[Directions for this task]
Pull out of the data below the stretch of lines bounded by the one containing "Culver Gold Rimmed Wine Glass Set" and the one containing "18K Enamel Apple Earrings Yellow Gold", both bounds included, unchanged.

[Material to process]
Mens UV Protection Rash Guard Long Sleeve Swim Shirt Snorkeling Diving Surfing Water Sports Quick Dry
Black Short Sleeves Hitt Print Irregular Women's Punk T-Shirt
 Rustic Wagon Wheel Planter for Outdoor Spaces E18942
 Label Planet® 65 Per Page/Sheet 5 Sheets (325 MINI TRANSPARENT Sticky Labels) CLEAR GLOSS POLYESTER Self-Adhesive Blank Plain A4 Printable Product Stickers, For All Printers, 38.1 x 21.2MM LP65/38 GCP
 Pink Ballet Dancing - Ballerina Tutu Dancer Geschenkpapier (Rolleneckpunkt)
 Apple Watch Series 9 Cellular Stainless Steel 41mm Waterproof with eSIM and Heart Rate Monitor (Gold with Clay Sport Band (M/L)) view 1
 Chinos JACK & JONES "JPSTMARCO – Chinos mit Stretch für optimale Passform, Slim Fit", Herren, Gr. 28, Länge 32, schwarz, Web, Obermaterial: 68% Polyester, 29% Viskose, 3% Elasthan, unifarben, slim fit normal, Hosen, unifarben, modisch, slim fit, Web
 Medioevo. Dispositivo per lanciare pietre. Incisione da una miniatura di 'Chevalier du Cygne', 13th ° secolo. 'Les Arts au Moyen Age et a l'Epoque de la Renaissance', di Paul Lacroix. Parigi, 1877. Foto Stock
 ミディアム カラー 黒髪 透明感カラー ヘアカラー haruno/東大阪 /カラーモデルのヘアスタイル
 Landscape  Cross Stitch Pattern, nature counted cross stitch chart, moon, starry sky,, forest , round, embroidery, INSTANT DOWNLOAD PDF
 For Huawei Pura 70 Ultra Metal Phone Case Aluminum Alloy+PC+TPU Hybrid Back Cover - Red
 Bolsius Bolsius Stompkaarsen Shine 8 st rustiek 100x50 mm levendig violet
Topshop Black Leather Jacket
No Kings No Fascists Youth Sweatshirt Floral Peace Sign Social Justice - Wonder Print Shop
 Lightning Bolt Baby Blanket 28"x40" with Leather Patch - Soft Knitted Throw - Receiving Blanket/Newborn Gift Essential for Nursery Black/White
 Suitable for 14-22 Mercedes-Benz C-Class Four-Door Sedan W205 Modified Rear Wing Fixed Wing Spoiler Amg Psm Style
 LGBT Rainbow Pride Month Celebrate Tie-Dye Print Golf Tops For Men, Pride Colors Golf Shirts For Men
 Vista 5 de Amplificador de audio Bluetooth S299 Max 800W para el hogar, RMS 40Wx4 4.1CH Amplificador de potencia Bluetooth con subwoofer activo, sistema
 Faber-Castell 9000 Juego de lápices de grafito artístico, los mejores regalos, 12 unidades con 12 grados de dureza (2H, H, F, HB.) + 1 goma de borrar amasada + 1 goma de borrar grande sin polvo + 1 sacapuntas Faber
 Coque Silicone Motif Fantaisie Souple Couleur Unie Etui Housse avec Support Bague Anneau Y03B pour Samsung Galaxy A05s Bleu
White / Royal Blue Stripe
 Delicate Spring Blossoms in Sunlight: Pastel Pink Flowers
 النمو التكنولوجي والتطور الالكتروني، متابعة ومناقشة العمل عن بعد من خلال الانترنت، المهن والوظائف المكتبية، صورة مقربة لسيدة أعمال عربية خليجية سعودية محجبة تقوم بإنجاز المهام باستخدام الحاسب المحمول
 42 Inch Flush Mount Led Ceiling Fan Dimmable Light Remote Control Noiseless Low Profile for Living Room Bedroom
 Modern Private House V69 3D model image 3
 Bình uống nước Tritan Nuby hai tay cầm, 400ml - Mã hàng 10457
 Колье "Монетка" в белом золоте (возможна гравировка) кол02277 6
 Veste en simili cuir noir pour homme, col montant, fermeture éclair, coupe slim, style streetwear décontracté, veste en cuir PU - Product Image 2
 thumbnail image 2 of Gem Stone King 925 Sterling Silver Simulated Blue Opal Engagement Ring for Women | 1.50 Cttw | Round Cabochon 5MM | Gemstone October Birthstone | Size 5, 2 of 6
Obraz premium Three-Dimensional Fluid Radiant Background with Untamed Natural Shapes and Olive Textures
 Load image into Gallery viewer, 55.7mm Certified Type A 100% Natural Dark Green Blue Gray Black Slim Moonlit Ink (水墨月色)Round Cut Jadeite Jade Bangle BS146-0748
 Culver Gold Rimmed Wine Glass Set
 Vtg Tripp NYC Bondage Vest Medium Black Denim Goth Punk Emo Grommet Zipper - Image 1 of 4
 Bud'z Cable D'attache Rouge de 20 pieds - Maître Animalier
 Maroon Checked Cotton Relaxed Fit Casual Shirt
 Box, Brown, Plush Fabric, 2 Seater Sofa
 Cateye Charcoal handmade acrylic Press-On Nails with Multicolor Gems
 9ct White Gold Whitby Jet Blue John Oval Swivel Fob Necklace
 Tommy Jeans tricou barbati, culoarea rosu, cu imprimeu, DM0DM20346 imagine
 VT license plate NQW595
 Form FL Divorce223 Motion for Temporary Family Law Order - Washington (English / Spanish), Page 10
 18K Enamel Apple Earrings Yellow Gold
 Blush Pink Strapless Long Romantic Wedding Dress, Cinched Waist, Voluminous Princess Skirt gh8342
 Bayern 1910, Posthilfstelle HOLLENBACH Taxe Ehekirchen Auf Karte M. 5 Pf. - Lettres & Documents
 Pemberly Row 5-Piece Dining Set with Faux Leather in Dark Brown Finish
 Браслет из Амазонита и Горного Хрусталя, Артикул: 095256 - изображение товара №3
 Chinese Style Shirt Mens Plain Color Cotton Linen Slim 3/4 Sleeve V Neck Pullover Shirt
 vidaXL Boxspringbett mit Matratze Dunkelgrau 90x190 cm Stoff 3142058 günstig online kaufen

[Written reply]
 Culver Gold Rimmed Wine Glass Set
 Vtg Tripp NYC Bondage Vest Medium Black Denim Goth Punk Emo Grommet Zipper - Image 1 of 4
 Bud'z Cable D'attache Rouge de 20 pieds - Maître Animalier
 Maroon Checked Cotton Relaxed Fit Casual Shirt
 Box, Brown, Plush Fabric, 2 Seater Sofa
 Cateye Charcoal handmade acrylic Press-On Nails with Multicolor Gems
 9ct White Gold Whitby Jet Blue John Oval Swivel Fob Necklace
 Tommy Jeans tricou barbati, culoarea rosu, cu imprimeu, DM0DM20346 imagine
 VT license plate NQW595
 Form FL Divorce223 Motion for Temporary Family Law Order - Washington (English / Spanish), Page 10
 18K Enamel Apple Earrings Yellow Gold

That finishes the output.